III – impulsionar a participação política e a formação de lideranças entre as mulheres negras;

IV – suscitar a produção de conhecimento sobre a situação social, econômica e cultural das mulheres negras, visando à desconstrução de estereótipos;

V – estimular ações para a promoção e a defesa dos direitos das mulheres negras, visando à reparação e à superação das desigualdades de gênero e de raça;

VI – estimular o enfrentamento da impunidade dos atos de violência cometidos contra as mulheres negras;

VII – estimular a articulação dos órgãos de controle administrativo e das instituições do sistema de justiça para a responsabilização e a reparação dos atos violentos perpetrados pelo Estado contra as mulheres negras.

Art. 3º – Esta lei entra em vigor na data de sua publicação.

Sala das Comissões, 5 de junho de 2024.

Professor Cleiton, presidente – Beatriz Cerqueira, relatora – Andréia de Jesus.

1O Odara – Instituto da Mulher Negra é uma organização negra feminista, centrada no legado africano, sediada em Salvador (BA).
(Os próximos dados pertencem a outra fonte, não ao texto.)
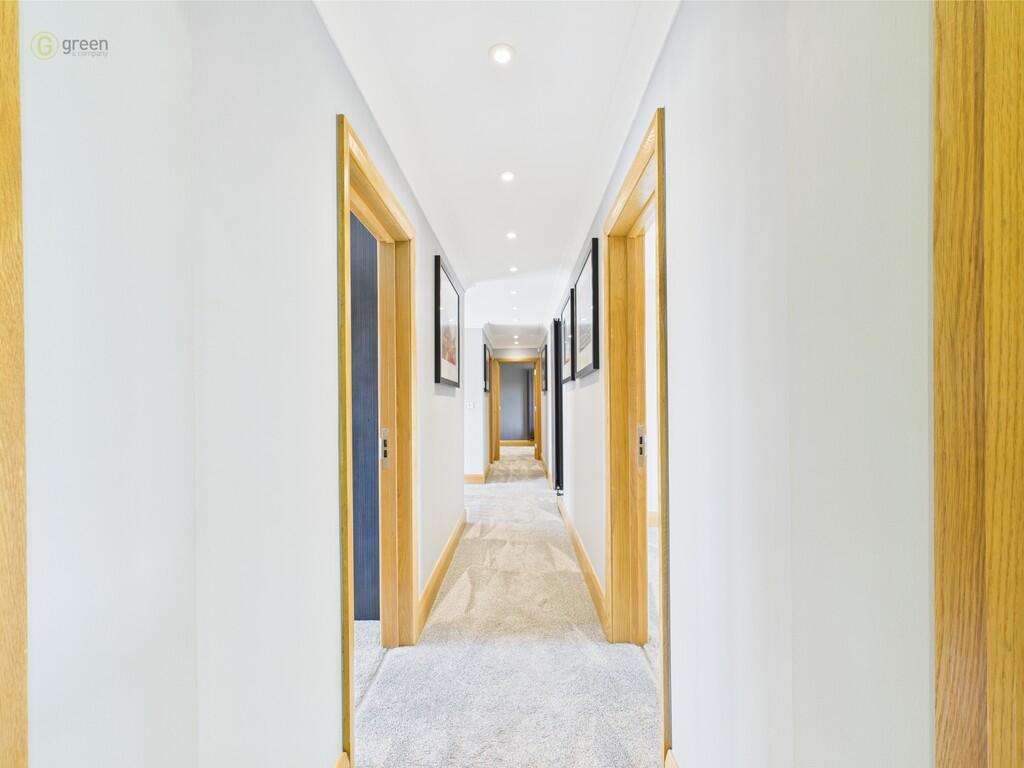 CAM03830G0-PR0156...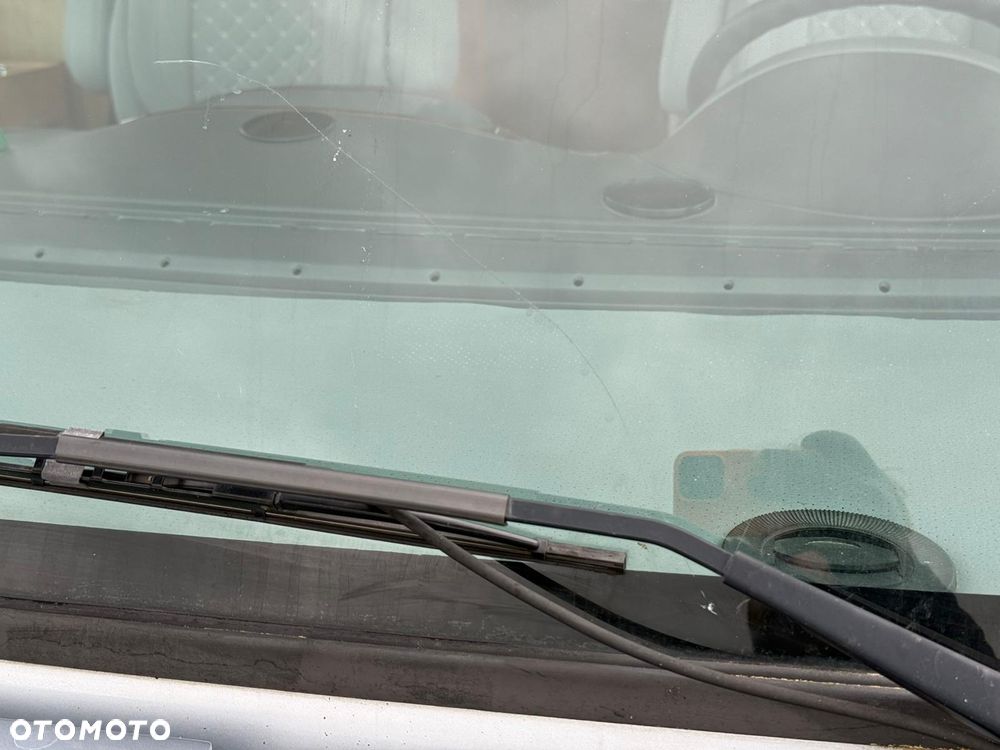 Mercedes-Benz RMB - 21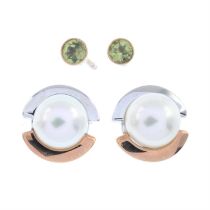 pair of cultured peal stud earrings and peridot stud earrings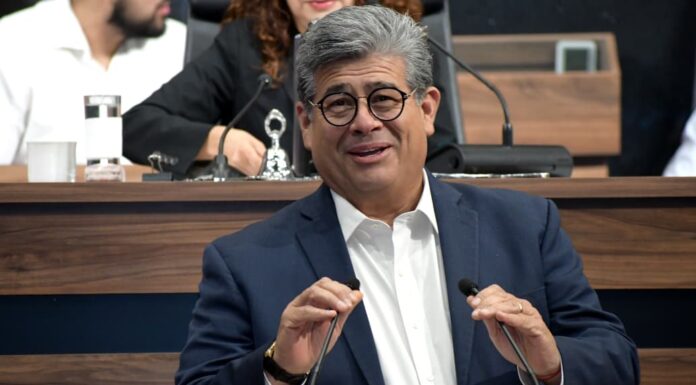 JAVIER CASIQUE VOTA EN CONTRA DE REFORMA SOBRE NULIDAD ELECTORAL POR INJERENCIA EXTRANJERA; ADVIERTE RIESGOS PARA LA DEMOCRACIA Y LA CERTEZA JURÍDICA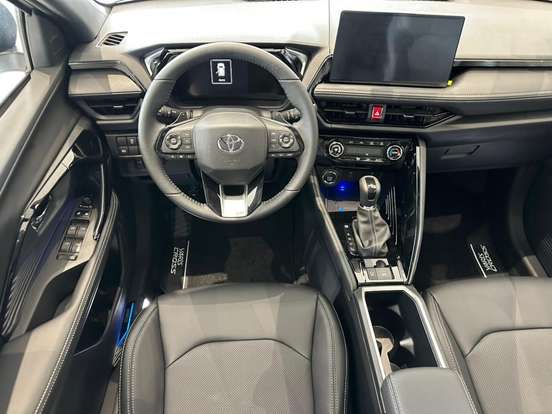 TOYOTA-YARIS CROSS-2026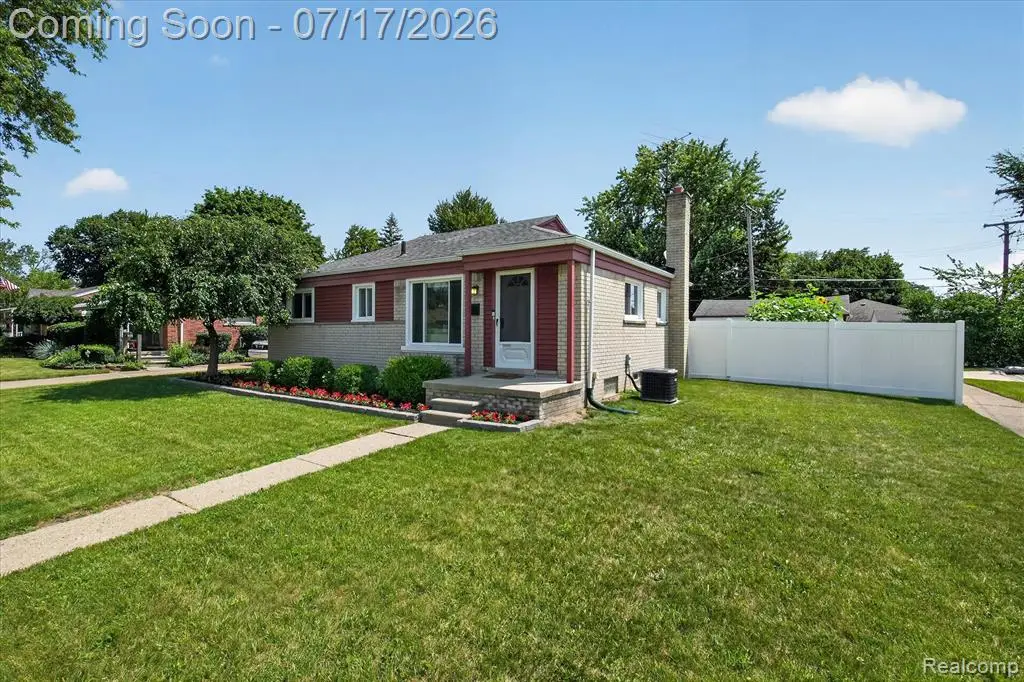 11014 Garden, Livonia, MI 48150 - #1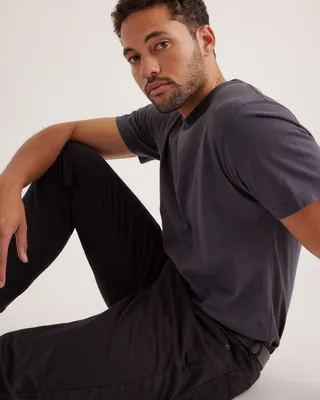 Quince Quince | Men's Comfort Stretch Traveler 5-Pocket Pants Straight in Black — Men Winter black Trousers & Chinos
O instituto surgiu em 2010 com o compromisso de atuar pelo fortalecimento da autonomia e garantia de direitos das mulheres negras e pelo enfrentamento das violências raciais e de gênero. Disponível em: <https://institutoodara.org.br/julho-das-pretas/>. Acesso em: 6 maio 2024.

2Disponível em: <https://censo2022.ibge.gov.br/panorama/>. Acesso em: 6 maio 2024.

3Disponível em: <https://www.ipea.gov.br/atlasviolencia/publicacoes/276/atlas-2023-violencia-contra-mulher>. Acesso em: 6 maio 2024.

4Disponível em: <https://apidspace.universilab.com.br/server/api/core/bitstreams/a6c693ef-2396-4504-bd76-9e3062c82704/content>. Acesso em: 6 maio 2024.

5Disponível em: <https://agenc iadenoticias.ibge.gov.br/agencia-noticias/2012-agencia-de-noticias/noticias/39358-mulheres-pretas-ou-pardas-gastam-mais-tempo-em-tarefas-domesticas-participam-menos-do-mercado-de-trabalho-e-sao-mais-afetadas-pela-pobreza>. Acesso em: 6 maio 2024.